The problem: Return the data below unchanged, without images.

Raw data:
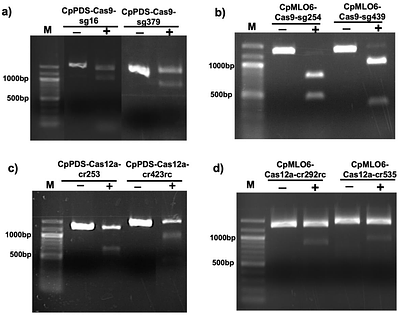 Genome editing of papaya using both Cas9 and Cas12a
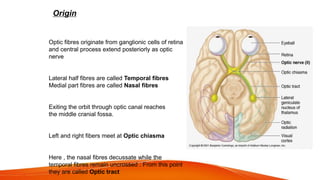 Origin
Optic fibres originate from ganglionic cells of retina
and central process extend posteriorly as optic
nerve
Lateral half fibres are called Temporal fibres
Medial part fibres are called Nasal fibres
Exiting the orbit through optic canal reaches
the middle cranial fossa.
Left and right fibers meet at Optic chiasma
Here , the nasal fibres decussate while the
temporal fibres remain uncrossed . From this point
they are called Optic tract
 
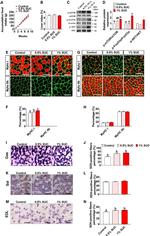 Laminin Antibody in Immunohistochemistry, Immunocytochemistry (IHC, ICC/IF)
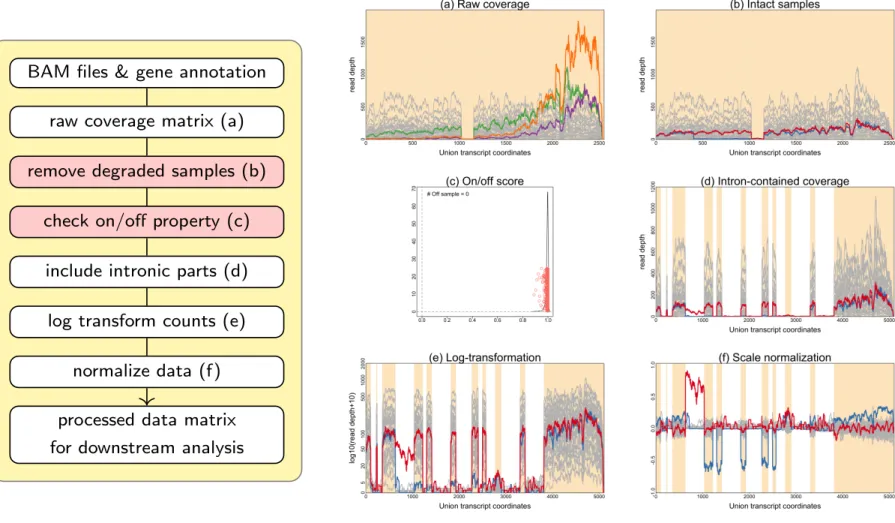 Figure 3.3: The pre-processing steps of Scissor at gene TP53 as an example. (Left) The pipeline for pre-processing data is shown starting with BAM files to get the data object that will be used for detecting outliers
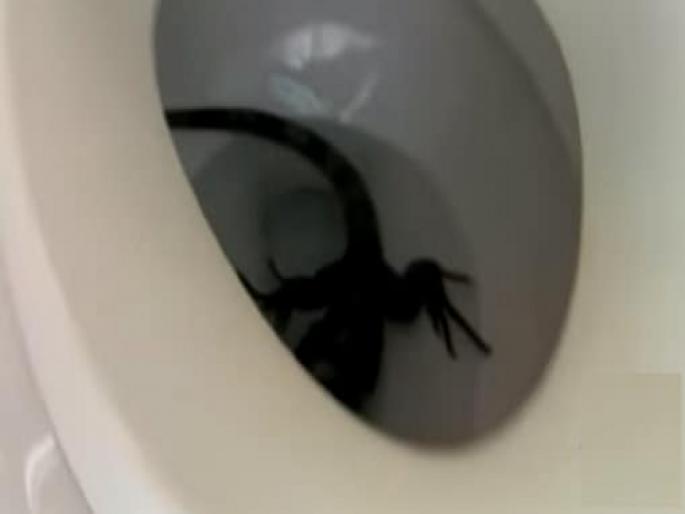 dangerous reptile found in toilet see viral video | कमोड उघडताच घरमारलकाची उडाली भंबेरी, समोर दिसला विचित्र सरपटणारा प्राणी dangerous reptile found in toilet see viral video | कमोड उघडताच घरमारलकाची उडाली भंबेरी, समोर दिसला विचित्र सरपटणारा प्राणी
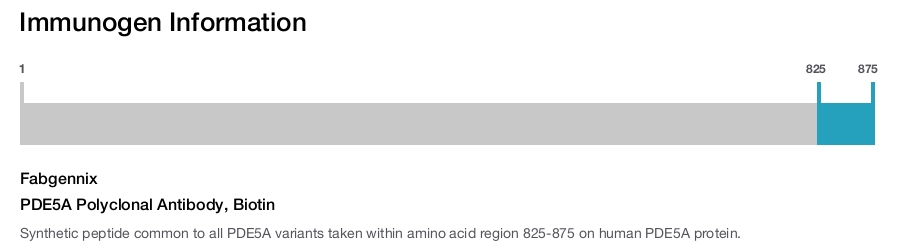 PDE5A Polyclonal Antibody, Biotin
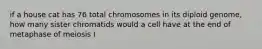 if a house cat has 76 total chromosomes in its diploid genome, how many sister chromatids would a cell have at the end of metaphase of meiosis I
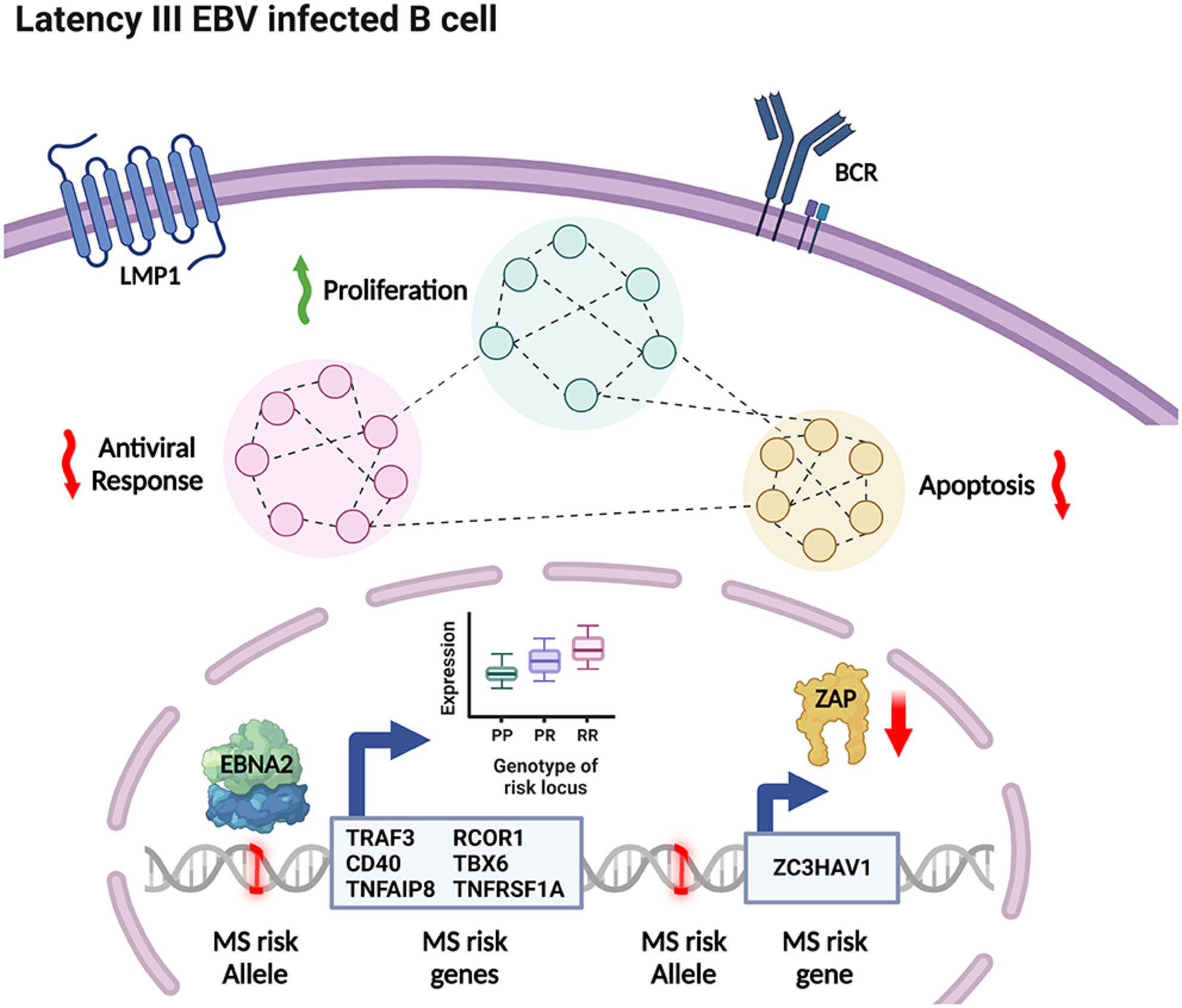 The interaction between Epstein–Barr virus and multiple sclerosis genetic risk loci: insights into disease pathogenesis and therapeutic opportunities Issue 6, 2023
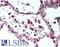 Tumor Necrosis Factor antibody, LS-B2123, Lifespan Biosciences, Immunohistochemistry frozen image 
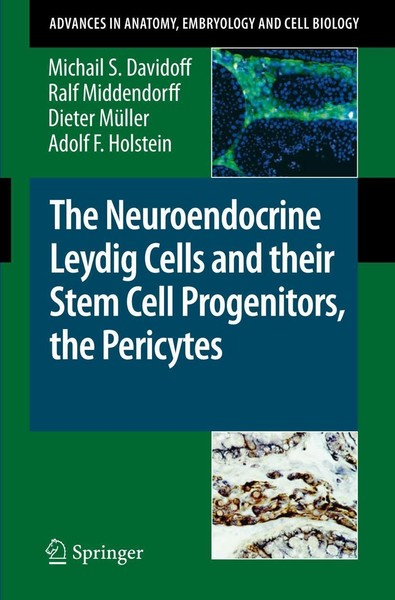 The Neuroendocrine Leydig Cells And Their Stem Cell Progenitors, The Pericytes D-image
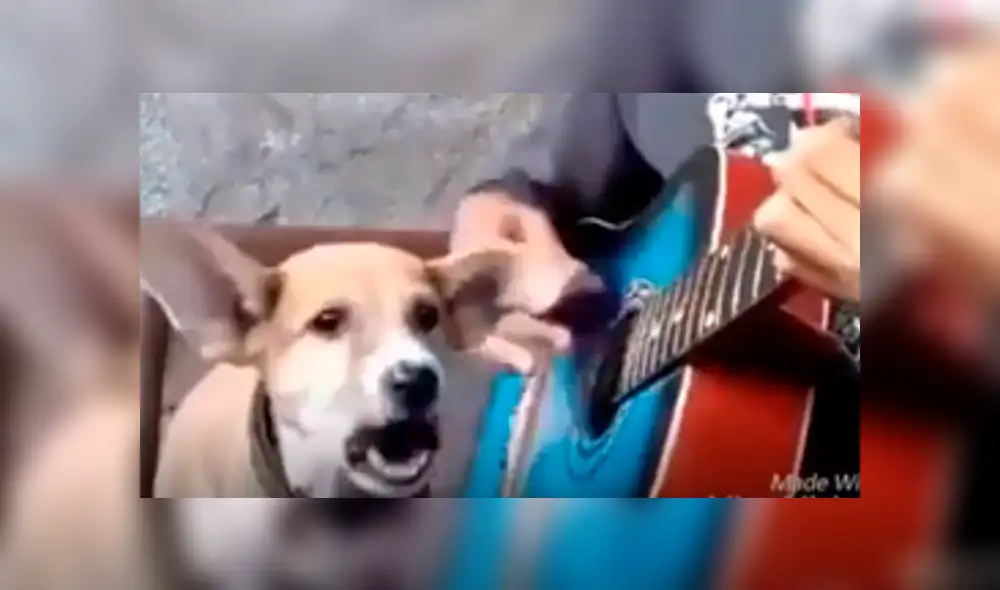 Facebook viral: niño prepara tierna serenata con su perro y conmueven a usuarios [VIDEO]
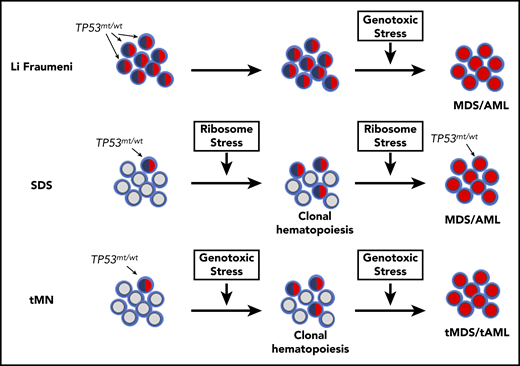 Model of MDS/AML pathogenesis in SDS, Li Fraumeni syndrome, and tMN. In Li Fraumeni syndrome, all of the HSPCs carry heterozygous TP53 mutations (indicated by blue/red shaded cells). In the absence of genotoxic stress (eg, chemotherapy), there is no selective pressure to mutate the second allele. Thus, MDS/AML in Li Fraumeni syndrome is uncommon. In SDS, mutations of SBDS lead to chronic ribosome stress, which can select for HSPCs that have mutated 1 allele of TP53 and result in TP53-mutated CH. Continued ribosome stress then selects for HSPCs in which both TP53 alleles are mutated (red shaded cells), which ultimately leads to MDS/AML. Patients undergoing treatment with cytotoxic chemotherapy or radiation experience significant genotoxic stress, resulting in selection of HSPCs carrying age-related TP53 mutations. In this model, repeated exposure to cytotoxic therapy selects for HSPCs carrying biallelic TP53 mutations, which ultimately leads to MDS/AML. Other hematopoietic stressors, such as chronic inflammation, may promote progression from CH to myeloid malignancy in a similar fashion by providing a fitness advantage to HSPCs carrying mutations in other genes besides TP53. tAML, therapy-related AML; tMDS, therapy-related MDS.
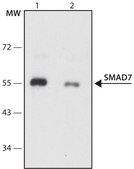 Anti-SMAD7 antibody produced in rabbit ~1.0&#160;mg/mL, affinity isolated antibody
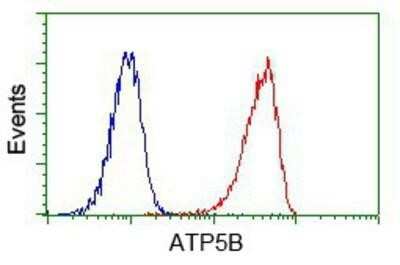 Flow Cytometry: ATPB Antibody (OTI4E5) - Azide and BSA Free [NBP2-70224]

Solution:
 Genome editing of papaya using both Cas9 and Cas12a
 Origin
Optic fibres originate from ganglionic cells of retina
and central process extend posteriorly as optic
nerve
Lateral half fibres are called Temporal fibres
Medial part fibres are called Nasal fibres
Exiting the orbit through optic canal reaches
the middle cranial fossa.
Left and right fibers meet at Optic chiasma
Here , the nasal fibres decussate while the
temporal fibres remain uncrossed . From this point
they are called Optic tract
 
 Laminin Antibody in Immunohistochemistry, Immunocytochemistry (IHC, ICC/IF)
 Figure 3.3: The pre-processing steps of Scissor at gene TP53 as an example. (Left) The pipeline for pre-processing data is shown starting with BAM files to get the data object that will be used for detecting outliers
 dangerous reptile found in toilet see viral video | कमोड उघडताच घरमारलकाची उडाली भंबेरी, समोर दिसला विचित्र सरपटणारा प्राणी dangerous reptile found in toilet see viral video | कमोड उघडताच घरमारलकाची उडाली भंबेरी, समोर दिसला विचित्र सरपटणारा प्राणी
 PDE5A Polyclonal Antibody, Biotin
 if a house cat has 76 total chromosomes in its diploid genome, how many sister chromatids would a cell have at the end of metaphase of meiosis I
 The interaction between Epstein–Barr virus and multiple sclerosis genetic risk loci: insights into disease pathogenesis and therapeutic opportunities Issue 6, 2023
 Tumor Necrosis Factor antibody, LS-B2123, Lifespan Biosciences, Immunohistochemistry frozen image 
 The Neuroendocrine Leydig Cells And Their Stem Cell Progenitors, The Pericytes D-image
 Facebook viral: niño prepara tierna serenata con su perro y conmueven a usuarios [VIDEO]
 Model of MDS/AML pathogenesis in SDS, Li Fraumeni syndrome, and tMN. In Li Fraumeni syndrome, all of the HSPCs carry heterozygous TP53 mutations (indicated by blue/red shaded cells). In the absence of genotoxic stress (eg, chemotherapy), there is no selective pressure to mutate the second allele. Thus, MDS/AML in Li Fraumeni syndrome is uncommon. In SDS, mutations of SBDS lead to chronic ribosome stress, which can select for HSPCs that have mutated 1 allele of TP53 and result in TP53-mutated CH. Continued ribosome stress then selects for HSPCs in which both TP53 alleles are mutated (red shaded cells), which ultimately leads to MDS/AML. Patients undergoing treatment with cytotoxic chemotherapy or radiation experience significant genotoxic stress, resulting in selection of HSPCs carrying age-related TP53 mutations. In this model, repeated exposure to cytotoxic therapy selects for HSPCs carrying biallelic TP53 mutations, which ultimately leads to MDS/AML. Other hematopoietic stressors, such as chronic inflammation, may promote progression from CH to myeloid malignancy in a similar fashion by providing a fitness advantage to HSPCs carrying mutations in other genes besides TP53. tAML, therapy-related AML; tMDS, therapy-related MDS.
 Anti-SMAD7 antibody produced in rabbit ~1.0&#160;mg/mL, affinity isolated antibody
 Flow Cytometry: ATPB Antibody (OTI4E5) - Azide and BSA Free [NBP2-70224]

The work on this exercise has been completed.